06 October 2008

unique_vector

Occasionally it's fun to share a programming experience from work. Last week I found myself having to make changes to a tool that builds a particular client data file for EverQuest II. I discovered that this tool would build unique arrays by searching linearly for the content and adding it if it didn't exist. Some of these arrays would get very large (on the order of 30,000 items or more) and the number of checks even larger (200,000+). There are much faster ways to search for a unique item, but we had the constraint of needing to assign a permanent index for the item (i.e. its position in an array).
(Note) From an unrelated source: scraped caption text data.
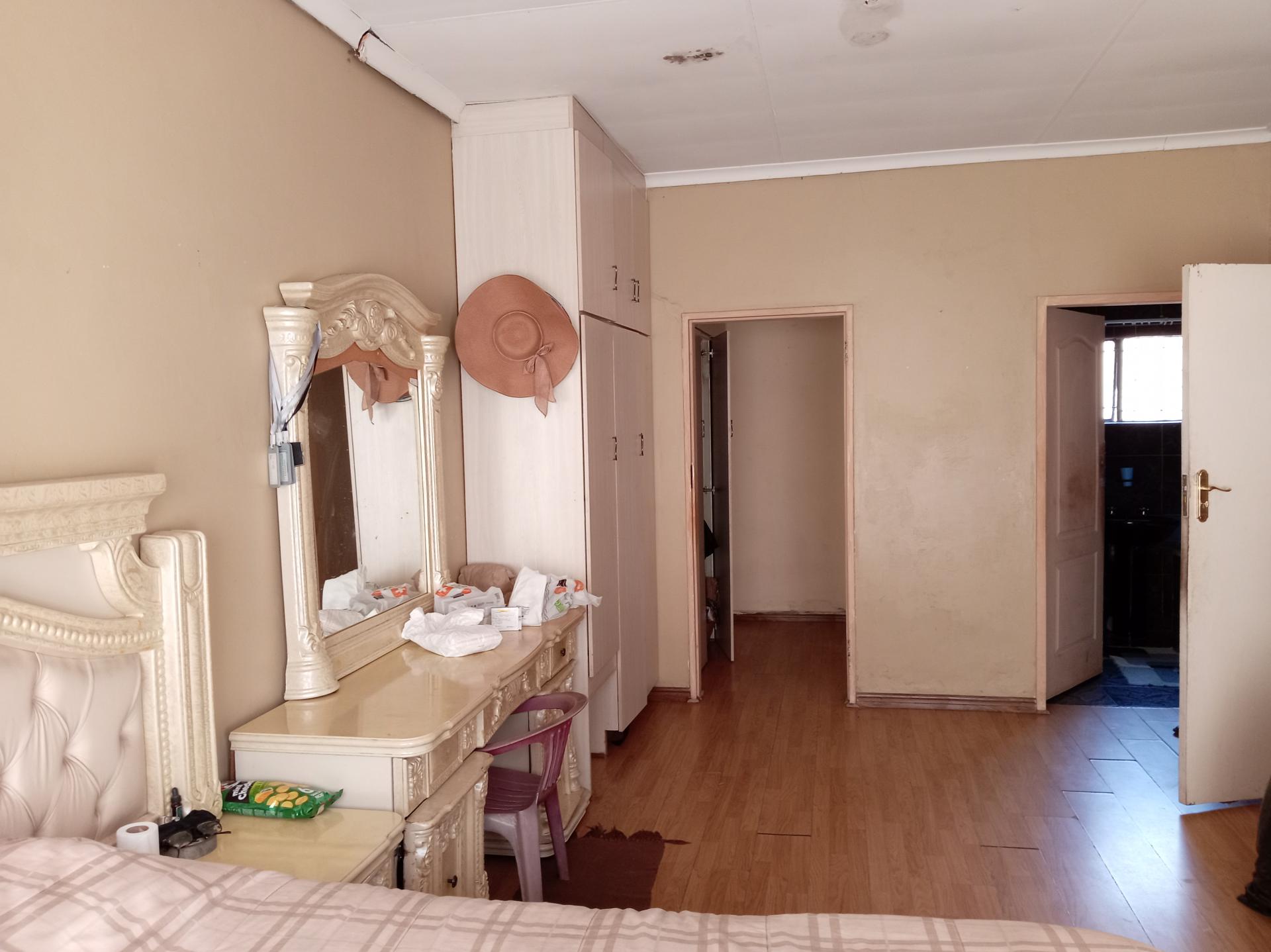 Main Bedroom of property in Bethal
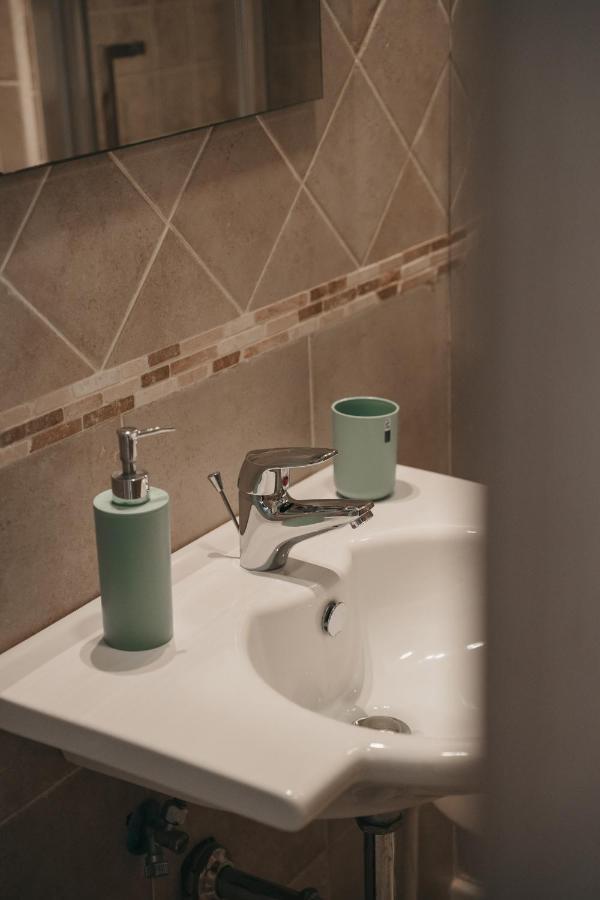 Bed and Breakfast Dimora Mariu Taranto Exterior foto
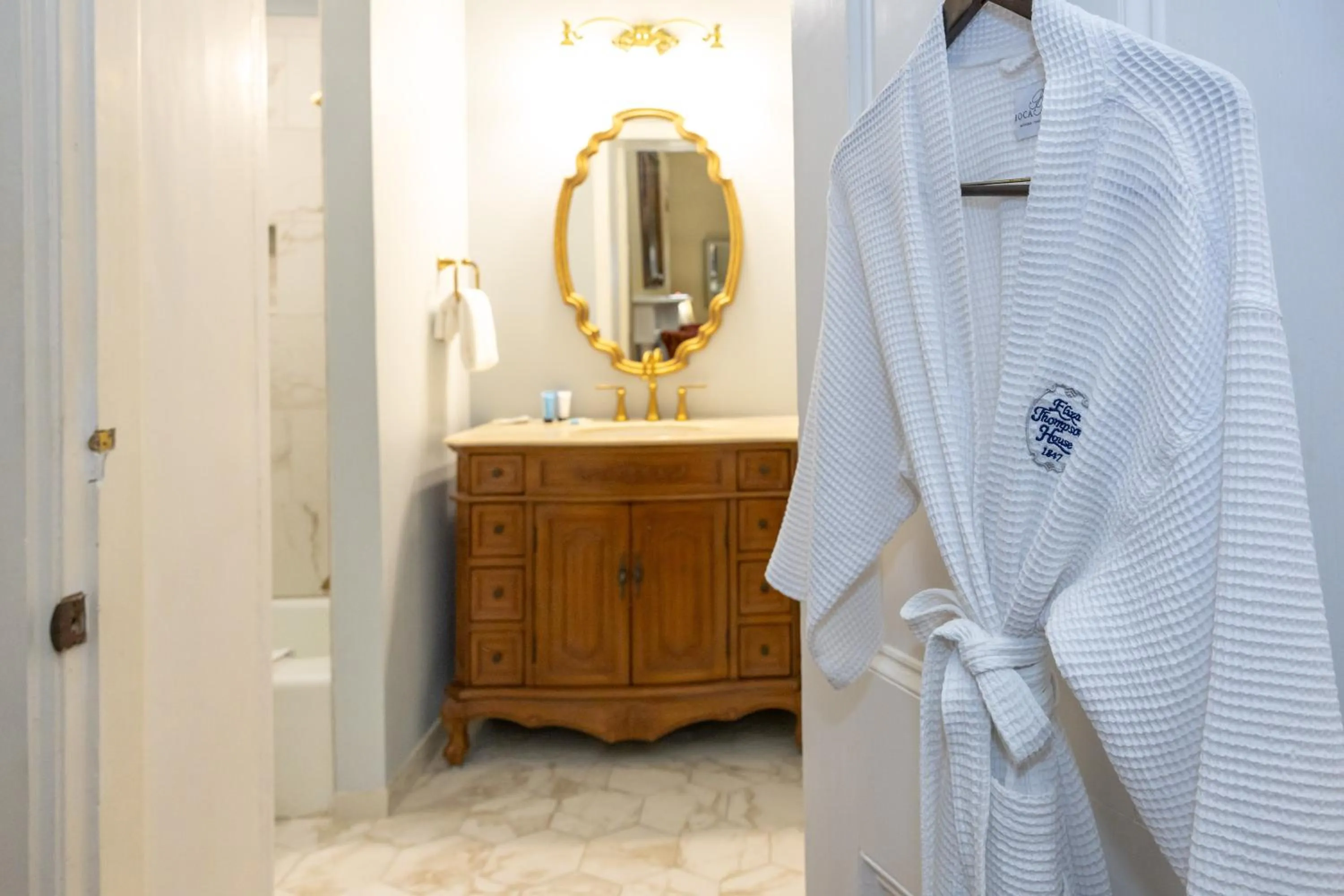 Bathroom in Eliza Thompson House, Historic Inns of Savannah Collection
I wrote out a quick nifty STL-like helper class to accomplish the same behavior, but much faster. The class definition looks like this (note that I used unsigned instead of defining my own size_type for brevity):
template < typename T >
class unique_vector
{
typedef std::vector< const T* > Tvector;
typedef std::map< T, unsigned > Tmap;

Tmap m_map;
mutable Tvector m_vector;
mutable bool m_dirty;

void m_build() const;

public:
unique_vector();

unsigned size() const;
unsigned add( const T& );
const T& operator [] ( unsigned ) const;
};


This stitches together a map (to achieve uniqueness and provide faster lookup time) and a vector to provide index-based lookups. This is mainly achieved through two functions. Let's take a look at the add() function:
template < typename T >
inline unsigned unique_vector<T>::add( const T& t )
{
unsigned index = m_map.size();
std::pair< Tmap::iterator, bool > result =
m_map.insert( std::make_pair( t, index ) );
m_dirty = true;
return (*result.first).second;
}


This function relies on the fact that std::map::insert() fails if the key (t in this case) is already present in the map, but returns an iterator to the existing item. This function basically tries to add the item to the map with the next index (using m_map.size() as the next index so the first item will have index 0, next will have index 1 and so on). If it's not there, insert() will succeed and return an iterator to the new record (using the provided index). If it's already there, insert() fails but returns the existing item. The function returns the index associated with the record, whether it's the new index from a freshly inserted item or the old index from a pre-existing item.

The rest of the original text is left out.